Page MenuHomePhabricator

Upgrade mw* servers to Debian Stretch (using HHVM)
Closed, ResolvedPublic

Description

Bug to track the upgrade of the MediaWiki servers from Debian 8 Jessie to Debian 9 Stretch. It consists of:

The following preliminary steps need to be fulfilled:

  • Build HHVM for stretch-wikimedia
  • Build HHVM extensions for stretch-wikimedia (luasandbox, tidy, wikidiff2)
  • ICU has changed it's ABI again (libicu52 in jessie, libicu57 in stretch), we could deploy a backport of libicu57 for jessie and do the migration there

Lilypond is not in stretch, but can be installed from stretch-backports.

1These clusters are complete:
2mwdebug servers
3application servers
4API servers
5job runners

Related Objects

Event Timeline

There are a very large number of changes, so older changes are hidden.
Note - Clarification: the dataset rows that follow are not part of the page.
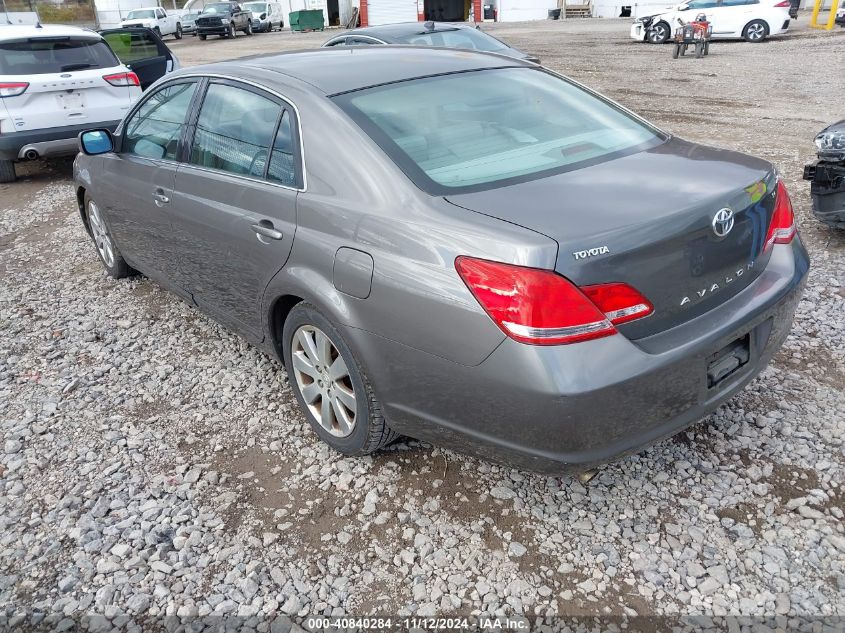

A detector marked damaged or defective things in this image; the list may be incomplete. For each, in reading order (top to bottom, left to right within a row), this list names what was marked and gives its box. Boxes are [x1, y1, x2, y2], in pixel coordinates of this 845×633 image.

damaged vehicle [804, 118, 844, 227]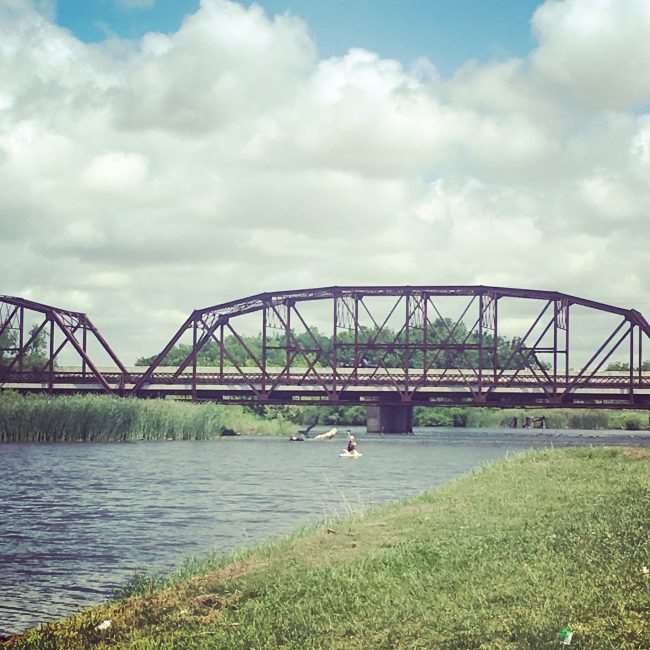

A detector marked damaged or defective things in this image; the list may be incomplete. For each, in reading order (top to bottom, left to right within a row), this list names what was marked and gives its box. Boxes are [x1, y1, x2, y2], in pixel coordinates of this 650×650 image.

rusty steel truss bridge [1, 284, 648, 410]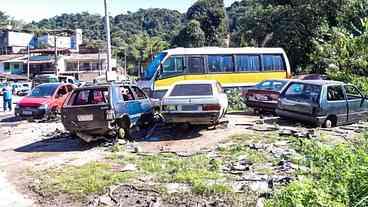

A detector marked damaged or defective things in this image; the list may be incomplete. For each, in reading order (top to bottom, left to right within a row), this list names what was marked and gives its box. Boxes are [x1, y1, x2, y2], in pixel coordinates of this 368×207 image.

damaged car [61, 82, 153, 142]
crushed car body [61, 82, 153, 142]
damaged car [161, 80, 227, 126]
crushed car body [161, 80, 227, 126]
crushed car body [278, 80, 366, 127]
damaged car [278, 80, 366, 128]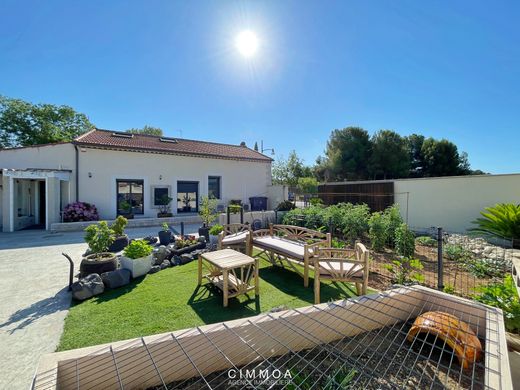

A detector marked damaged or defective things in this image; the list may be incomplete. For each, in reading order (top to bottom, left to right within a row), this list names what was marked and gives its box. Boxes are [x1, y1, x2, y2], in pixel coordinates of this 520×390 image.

rusty metal object [406, 310, 484, 368]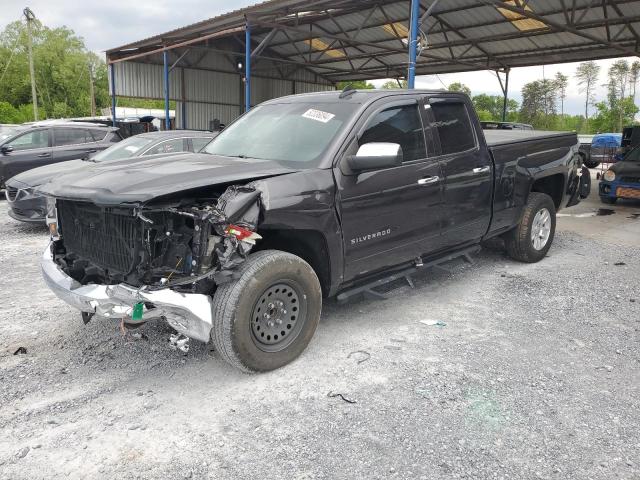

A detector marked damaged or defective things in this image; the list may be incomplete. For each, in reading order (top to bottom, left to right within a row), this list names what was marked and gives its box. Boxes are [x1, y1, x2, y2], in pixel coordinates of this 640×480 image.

crumpled hood [6, 158, 87, 188]
crumpled hood [38, 152, 300, 204]
crumpled hood [608, 160, 640, 177]
front-end collision damage [42, 182, 268, 344]
damaged bumper [40, 246, 215, 344]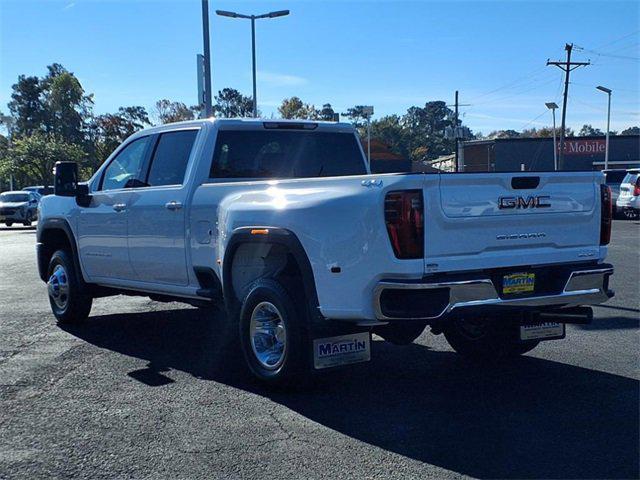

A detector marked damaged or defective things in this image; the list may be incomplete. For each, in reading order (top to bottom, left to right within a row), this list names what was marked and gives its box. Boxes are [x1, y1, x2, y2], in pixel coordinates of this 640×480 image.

cracked pavement [0, 222, 636, 480]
Show Older Changes
Legoktm subscribed.

I updated the steps based on the plan to use PHP 7 instead of HHVM.

I updated the steps based on the plan to use PHP 7 instead of HHVM.

There is no way we'll embark in the double migration at the same time.
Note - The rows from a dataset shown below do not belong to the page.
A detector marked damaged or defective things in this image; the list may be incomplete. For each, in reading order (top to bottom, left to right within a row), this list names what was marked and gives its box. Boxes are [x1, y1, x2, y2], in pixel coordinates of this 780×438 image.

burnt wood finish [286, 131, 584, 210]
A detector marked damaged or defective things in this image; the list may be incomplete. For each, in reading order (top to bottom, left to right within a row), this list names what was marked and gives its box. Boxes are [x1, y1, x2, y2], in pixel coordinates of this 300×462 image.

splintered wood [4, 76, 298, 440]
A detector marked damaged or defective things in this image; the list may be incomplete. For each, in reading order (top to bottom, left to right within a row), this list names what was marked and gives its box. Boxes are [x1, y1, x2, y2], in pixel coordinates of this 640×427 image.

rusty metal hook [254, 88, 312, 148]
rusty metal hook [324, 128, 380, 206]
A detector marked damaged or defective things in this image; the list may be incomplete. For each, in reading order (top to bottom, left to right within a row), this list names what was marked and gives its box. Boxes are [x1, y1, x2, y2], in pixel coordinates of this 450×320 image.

Upgrading to stretch while remaining on HHVM is a pretty straightforward task ops can perform "in the background", while upgrading to stretch AND php7 will be a much larger project that will require resources we don't currently have dedicated to it; for reference, we had pitched this as a project for the current annual plan but it didn't make the cut, and if we want to perform this transition, we'll have to drop other things.

So a logical sequence of events I see is:

  • Migrate ICU version (this *is* painful and user noticeable, and will need coordination)
  • We upgrade all mw* servers to stretch, keep using HHVM
  • Once, or if, proper resources and a timeline are set, we swap HHVM for PHP7 on stretch.

That will need a completely separated ticket.

I updated the steps based on the plan to use PHP 7 instead of HHVM.

There is no way we'll embark in the double migration at the same time.

Upgrading to stretch while remaining on HHVM is a pretty straightforward task ops can perform "in the background", while upgrading to stretch AND php7 will be a much larger project that will require resources we don't currently have dedicated to it; for reference, we had pitched this as a project for the current annual plan but it didn't make the cut, and if we want to perform this transition, we'll have to drop other things.

So a logical sequence of events I see is:

  • Migrate ICU version (this *is* painful and user noticeable, and will need coordination)
  • We upgrade all mw* servers to stretch, keep using HHVM
  • Once, or if, proper resources and a timeline are set, we swap HHVM for PHP7 on stretch.

That will need a completely separated ticket.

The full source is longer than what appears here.